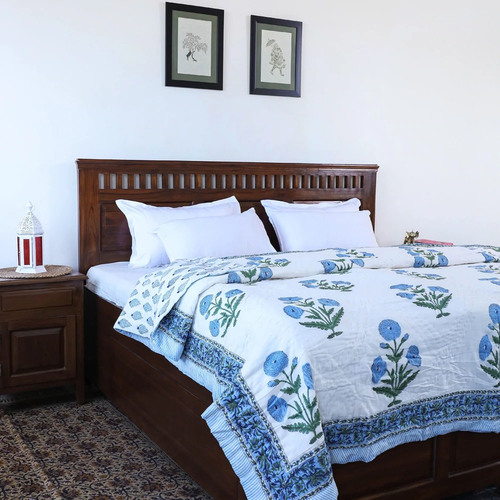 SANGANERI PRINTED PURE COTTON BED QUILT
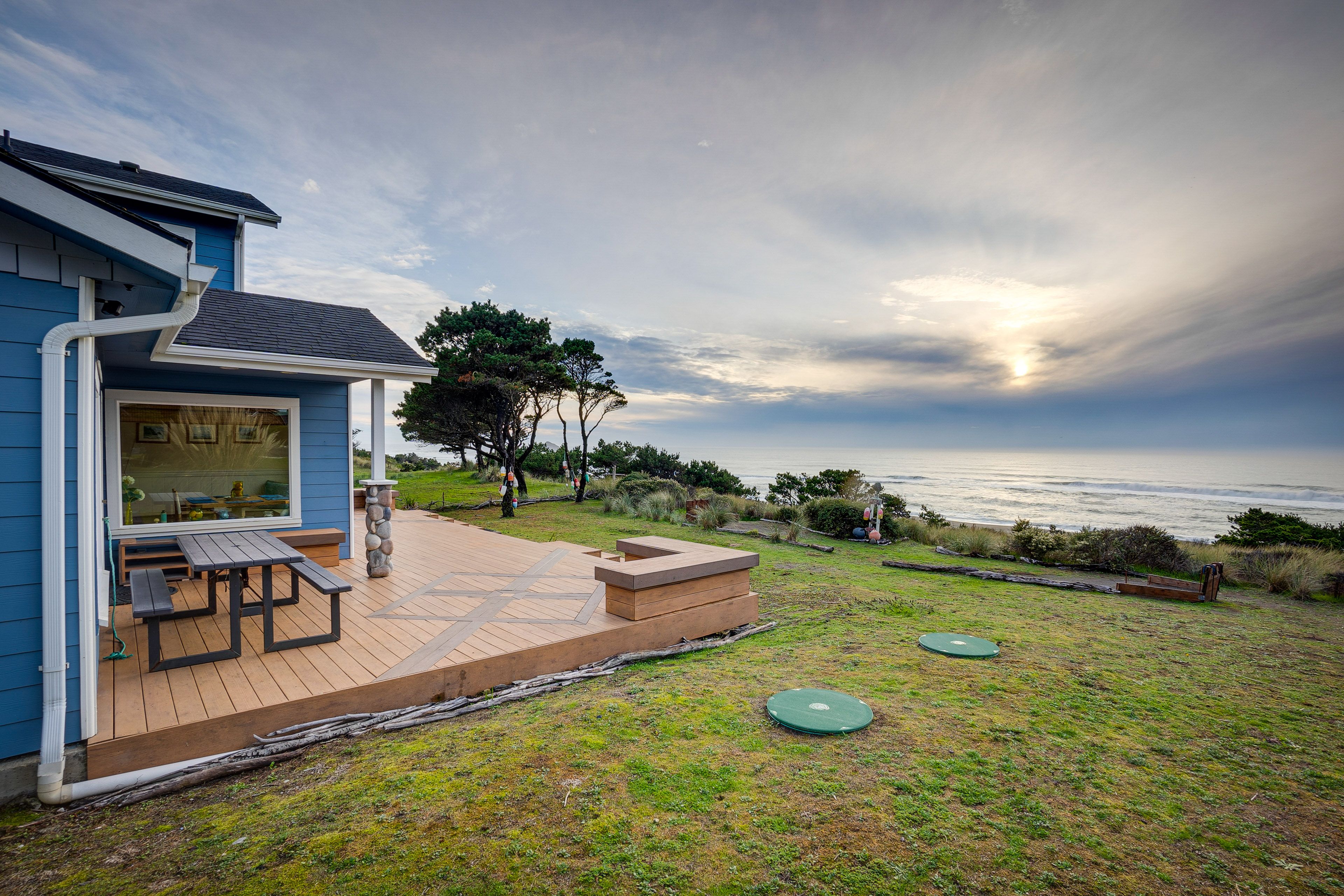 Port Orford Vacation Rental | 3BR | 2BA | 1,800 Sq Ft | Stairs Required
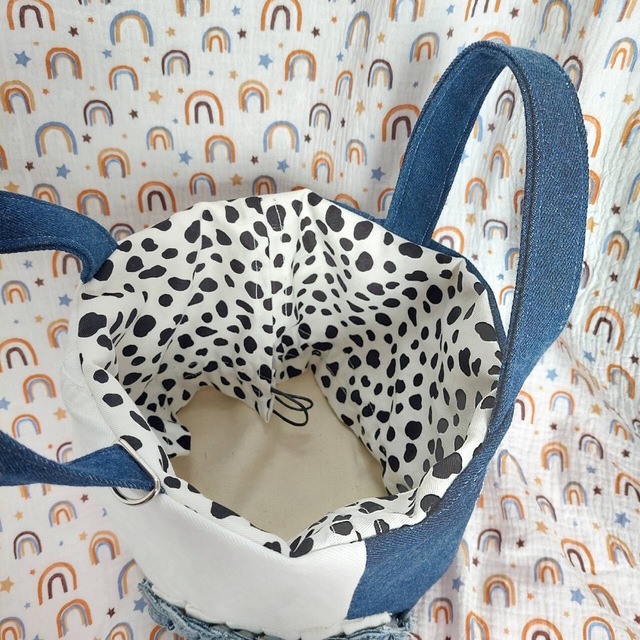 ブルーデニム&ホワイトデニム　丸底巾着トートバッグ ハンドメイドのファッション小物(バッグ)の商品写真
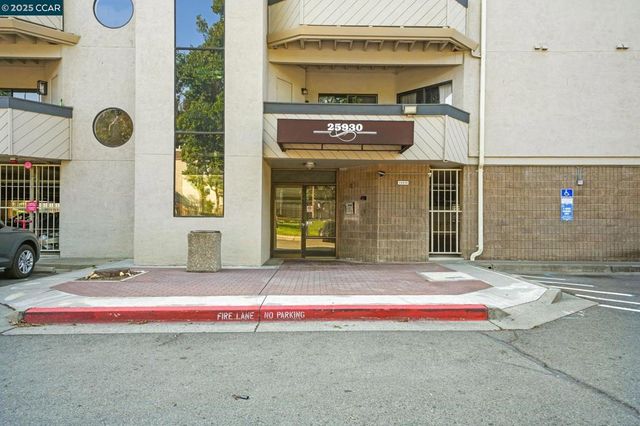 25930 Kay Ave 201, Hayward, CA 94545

○ ○ ○

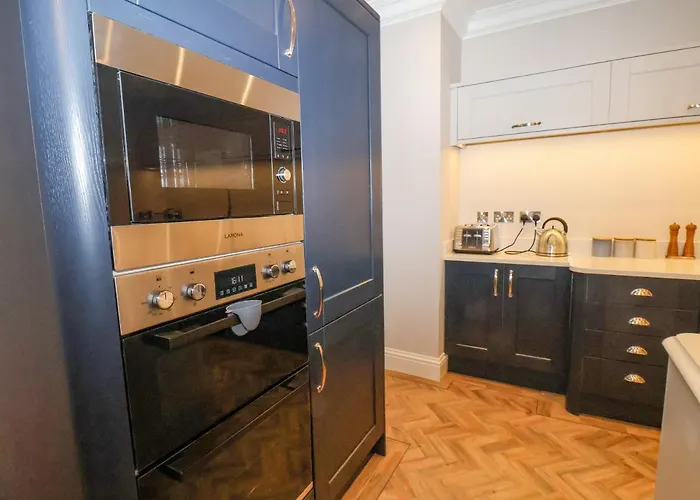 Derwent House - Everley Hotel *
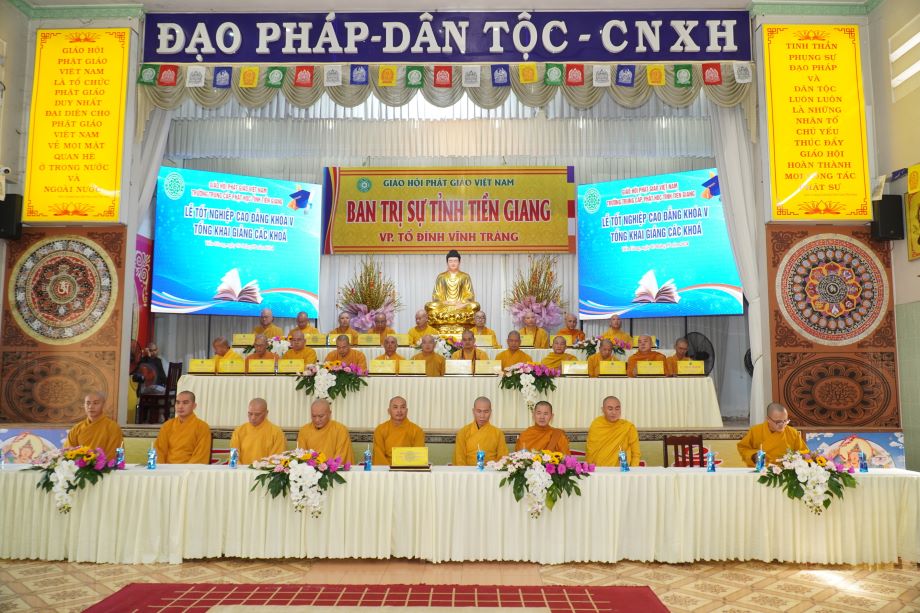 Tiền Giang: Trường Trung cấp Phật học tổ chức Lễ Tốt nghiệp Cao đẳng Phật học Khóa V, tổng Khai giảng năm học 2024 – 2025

○ ○ ○

What belongs in the answer is each line above from the line with "SANGANERI PRINTED PURE COTTON BED QUILT" to the line with "25930 Kay Ave 201, Hayward, CA 94545", inclusive, reproduced exactly and free of pictures.

Output below ->
 SANGANERI PRINTED PURE COTTON BED QUILT
 Port Orford Vacation Rental | 3BR | 2BA | 1,800 Sq Ft | Stairs Required
 ブルーデニム&ホワイトデニム　丸底巾着トートバッグ ハンドメイドのファッション小物(バッグ)の商品写真
 25930 Kay Ave 201, Hayward, CA 94545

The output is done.